A recurring issue in this series is that although robot spacecraft do exist, nobody ever uses them to poke at alien destinations to see if, for example, the surface will support the weight of a spacecraft. This specific load-bearing issue comes up on Mars and on swampy Venus.
Venus: A.D. 2144
Brazil insists that space is a province of Brazil, although not one they are inclined to develop. Two missions to Venus having vanished into the Venusian clouds, Brazil does not commission a third. This is in keeping with the long stagnation of the development of space under Brazil.
Various branches of the Troon clan, in particular the Australian branch, see an opportunity to break the Brazilian monopoly and possibly make a lot of money. George Troon leads the unauthorized third expedition to Venus. An outraged Brazil dispatches a punitive force under the command of Capitão Camarello to rebuke the trespassers… but Camarello’s second-in-command is one Jorge Trunho. How prudent is it to send a Trunho to catch a Troon?

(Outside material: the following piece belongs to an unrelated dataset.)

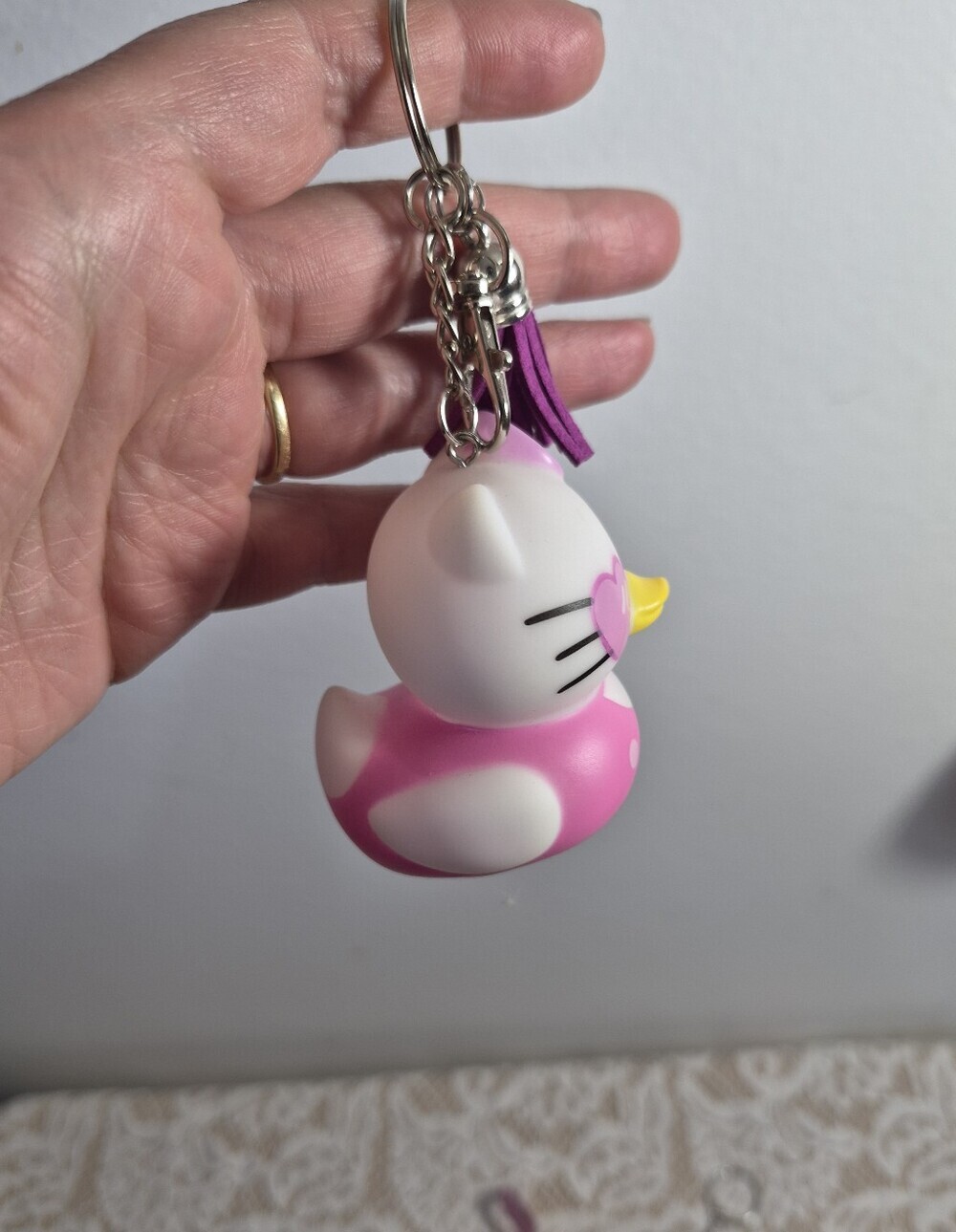 Hello Kitty Keychain Bundle - Picture 3 of 6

The evidence that there’s money to be made in space and on Venus in particular is weak, although not absent. The Troons suffer from a peculiar obsession with space, so profit and sovereignty and all that jazz are probably just excuses.
Interestingly, space propulsion does not seem to have advanced significantly in the century after the Northern War. This could be because Brazil sees no point. It could also be because rocket science is difficult and the path to atomic rockets longer than most people supposed back in the 20th century.
The Emptiness of Space: The Asteroids A.D. 2194
Having rather improbably survived Venusian swamps and Brazilian space patrol reprisal, George Troon foolishly ventures into space again. Result: he is left a broken man, marooned in the future.
1: France does not play a role in space at all. Serves them right for the Norman invasion.
2: The branch of the family based in South Africa was obliterated in the African Rising of 2045, about which almost nothing is said but for the name and a mention of the enormous numbers of dead. It’s possible that this was a genocide aimed at Europeans — the Second African Rising targeted Indians — but this is never explicitly stated.